Whoa whoa whoa. This is a blog about being self sufficient and saving money doing it yourself, and I’m telling you that making your own blanket, something I just completed today, is NOT cheaper than buying one?? Correct. It absolutely is not. This is the first thing that popped up in an Amazon search for “baby quilt”, and at $60, you may think that it would be more expensive than making one. Well, for one thing, it’s branded, and for another, it’s organic cotton, so those add to the price. And scrolling down, there were certainly many other cheaper options. And if you don’t care about it being a QUILT there’s infinite cheap options for blankets. So making one yourself will almost always cost more.
There’s a lot that goes into making your own quilt. Buying the fabric, for one. For the front pieces and the back. And the more complex and fancy you want the quilt to be, the more types of fabric you need. You need a sewing machine, unless you’re super hardcore and insane and are going to hand sew it. Then batting, which is not cheap. Thread. Time. Energy. Patience. Some sort of craft skill.
Now, I don’t think that the supplies themselves for this quilt did cost $60, (not factoring in the sewing machine) although I received most of the fabric as a gift. But the time and patience are important things to factor in. So why on earth would you ever make your own when buying is so cheap??
Hubbins asked me the other day why they sold pre-made pie crust and filling. “Why not just buy a pie?” he said. The answer I came up with was that you could still “make it yourself” even if using pre-made components. Or make the filling, and not the crust. And there are a plethora of DIY kits that contain everything you need to make just about any craft you can think of. These kits take the idea of something homemade (a pie, or a blanket, or a bookshelf even) and make it accessible to just about anyone, with skills or without. So clearly, the FEELING behind “home made” is important! People like to know they made something with their own hands, especially if that something is a gift. I love to make things myself, knowing full well that knitting a hat costs way more that buying one at Walmart, but is far more rewarding, and often, better quality.
So, I made my baby a quilt, not to save money, but to know that I was making her something with my own two hands. I am no expert seamstress by any measure, and I foolishly decided to try something new. Pinwheels. How hard could they be?
Not terribly hard… except I just jumped in, sewing opposite colors together.. and discovered that half my pinwheels were not pinwheels but diamonds. Apparently it does in fact matter which ones you sew together. Fortunately, I discovered my error before I had done too many squares. Once I got all that figured out, it was pretty straightforward until today when I decided to do the quilting.
My machine is new, and I haven’t played with many of the settings. It took me a few minutes to understand how to attach the quilting foot, and then I did some practice quilting. And failed miserably. It took me many more than a few minutes to discover that I wasn’t dropping the foot down. Oops.
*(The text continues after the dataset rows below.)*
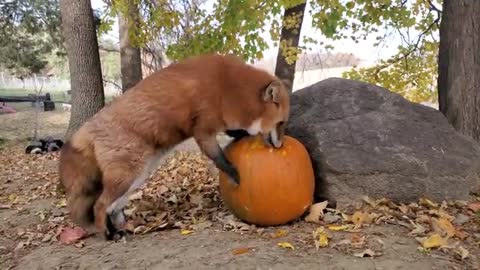 Foxes getting their first pumpkin of the season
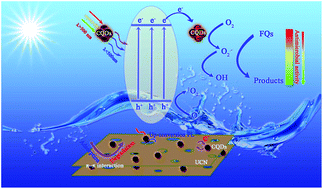 Graphical abstract: Facile synthesis of carbon quantum dots loaded with mesoporous g-C3N4 for synergistic absorption and visible light photodegradation of fluoroquinolone antibiotics
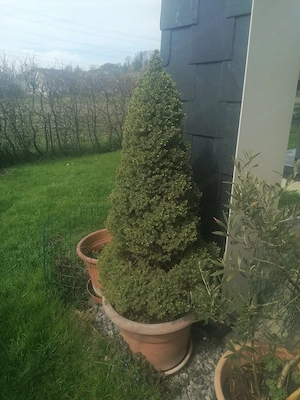 Oleander und....  Bild 2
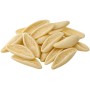 CORTECCE PASTA FRESCA GR.500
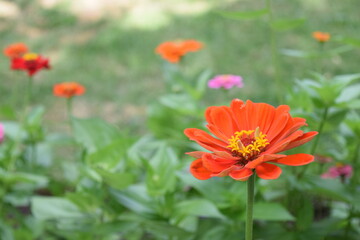 Orange Wild Flower in Meadow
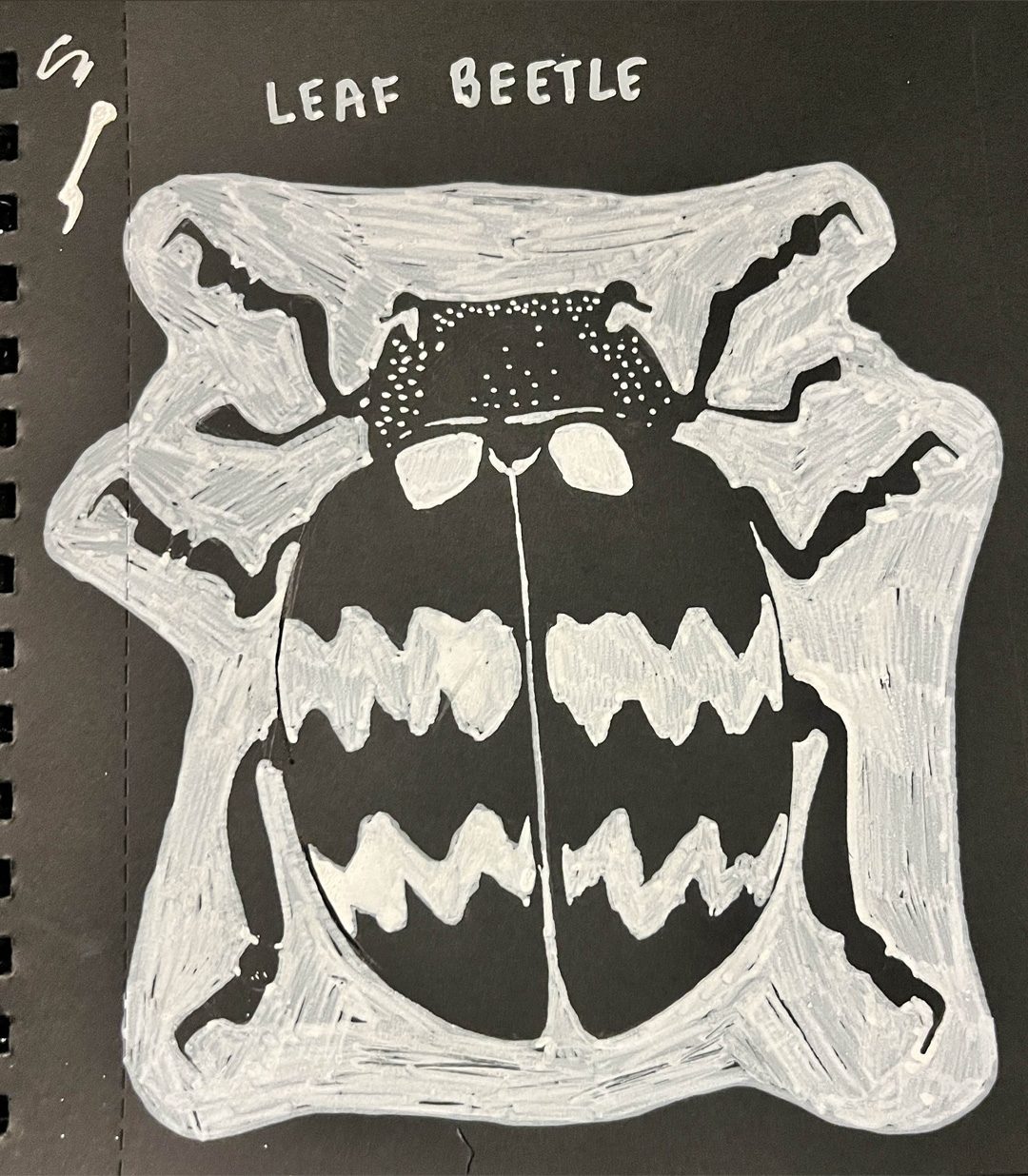 Drawing of a leaf beetle, white ink on black paper.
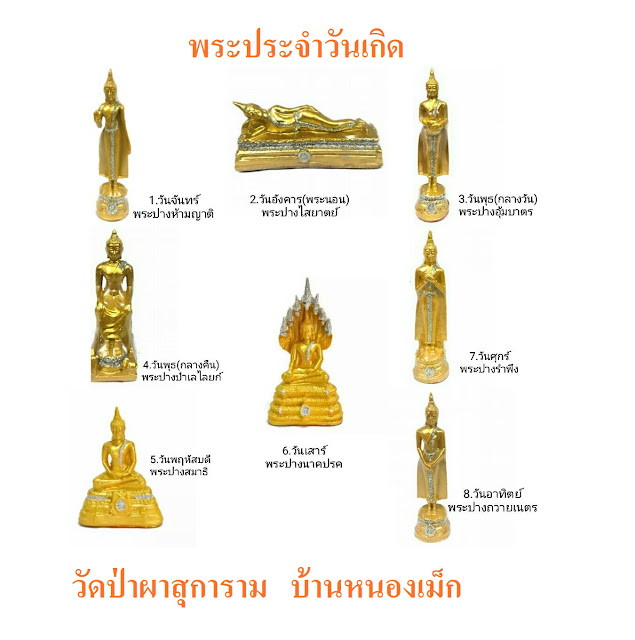 My Image 30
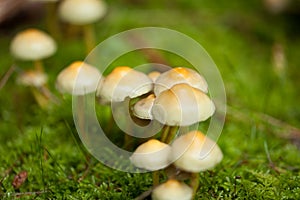 Brown mushroom autumn outdoor macro closeup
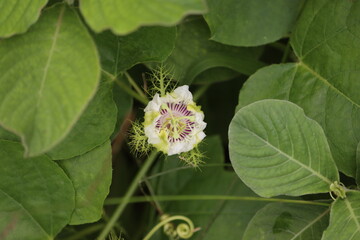 Passiflora foetida (common names: stinking passionflower, bush passion fruit, stoneflower,...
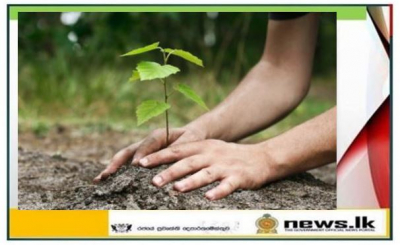 “Matha Project” commences - 20 million saplings from Colombo to Jaffna to be planted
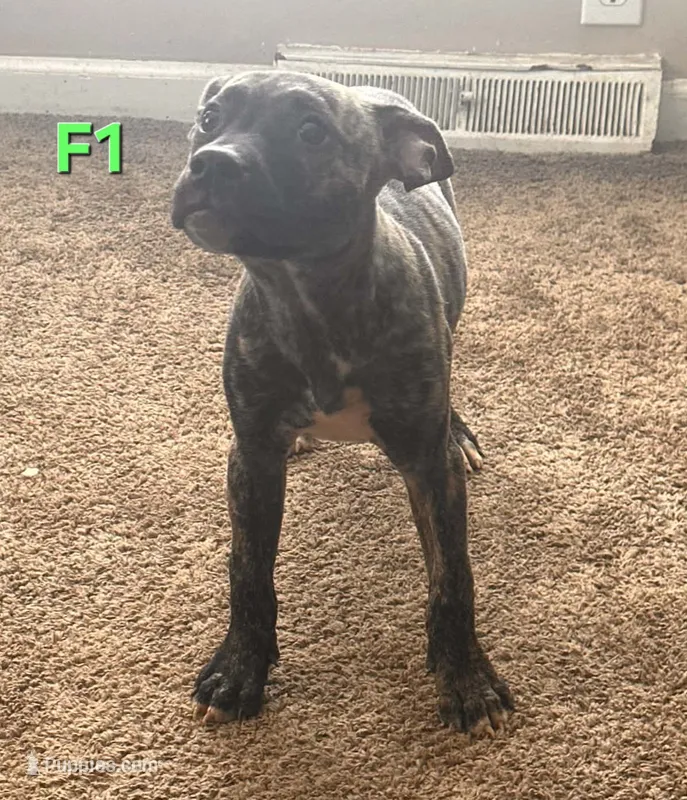 Female 1 – American Pit Bull Terrier, Alapaha Blue Blood Bulldog puppy for sale in Greensboro, NC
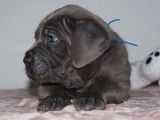 7 chiots Cane Corso LOF à réserver
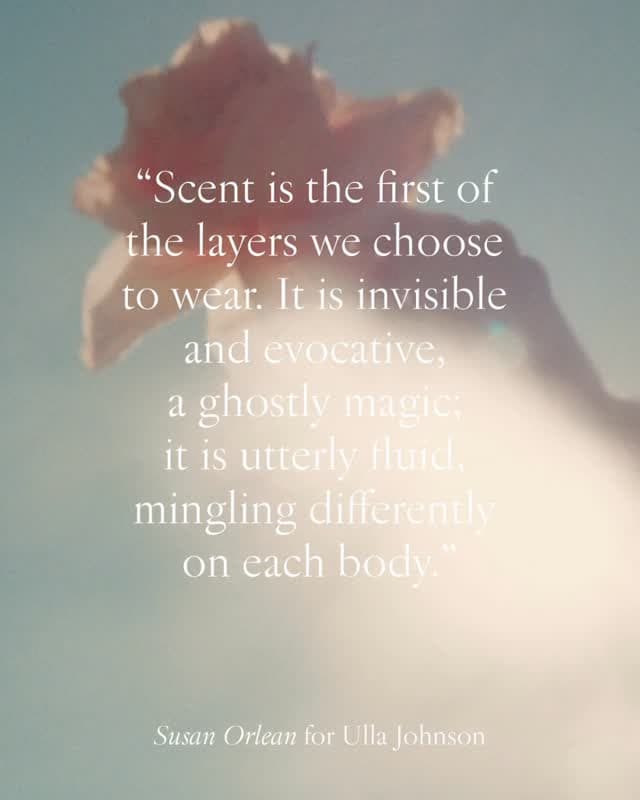 Instagram image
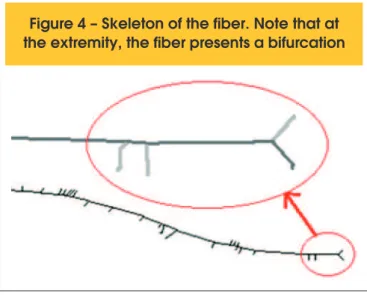 Figure 4 – Skeleton of the fiber. Note that at  the extremity, the fiber presents a bifurcation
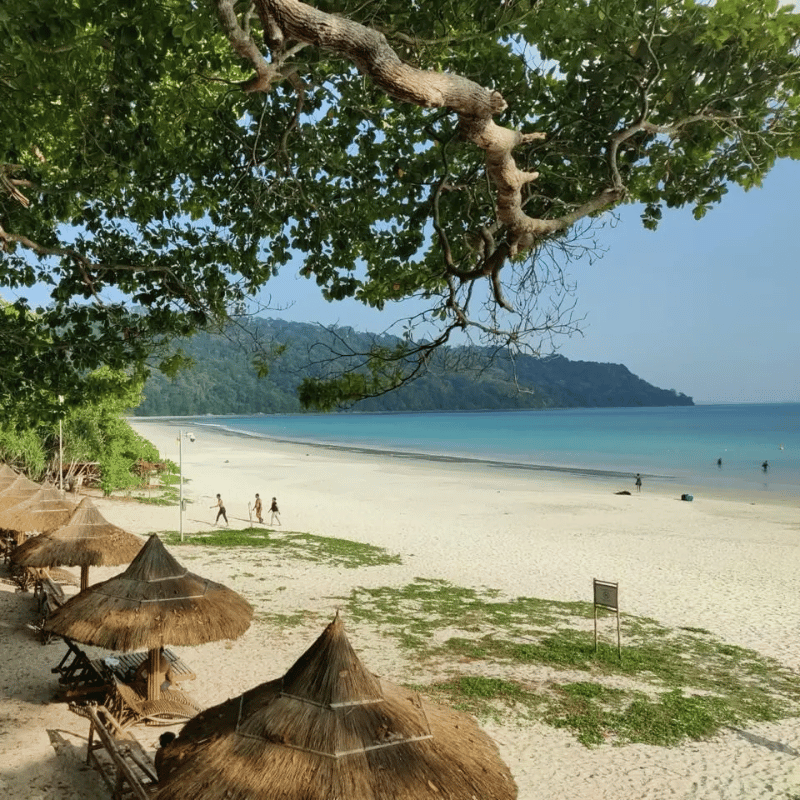 andaman and nicobar Packages (8)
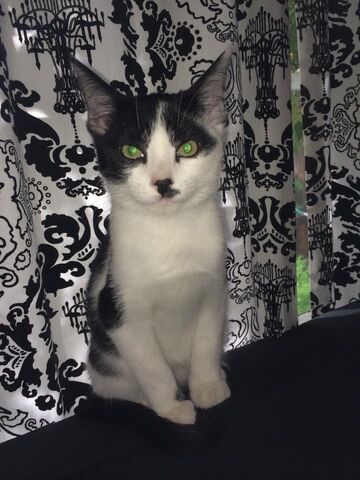 File:Thelonedrifter0 kitty.jpg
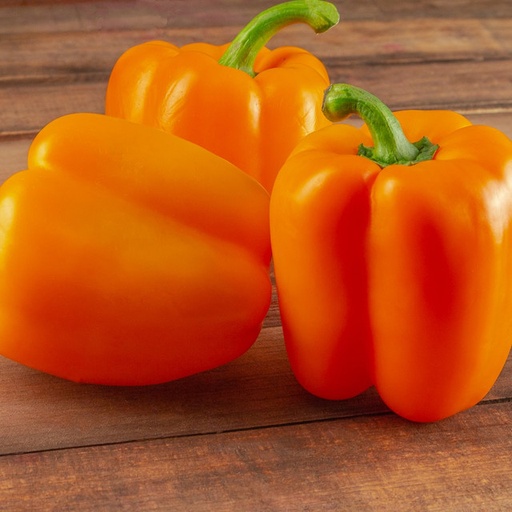 Orange Bell Pepper - (ea)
I did long-arm quilting for a living for a little while, and I was pretty good at it. Quilting on a small machine is waaaay different however. Instead of the quilt being stretched out in front of you and moving the needle with handles, you hold the fabric down and move it around the needle.. trying not to go to fast so you don’t get giant unruly stitches (I did this) or too slow or too choppy (yep these too) and you also have to control the needle speed with your foot and then try to plot out your next steps while doing all of these things and stabbing yourself with pins as well. Fun!
I think I’ll get better at it, this was just the first attempt. I did pull out the first bit I did as it was royally terrible, but I’m way to lazy to keep ripping stuff out, so it is what it is. If you don’t look too closely, it’s not bad. And probably don’t look at the back. It’s far from perfect, but my wee baby will likely not notice the flaws, just the love that went into making her something cozy. Take that, corporate America!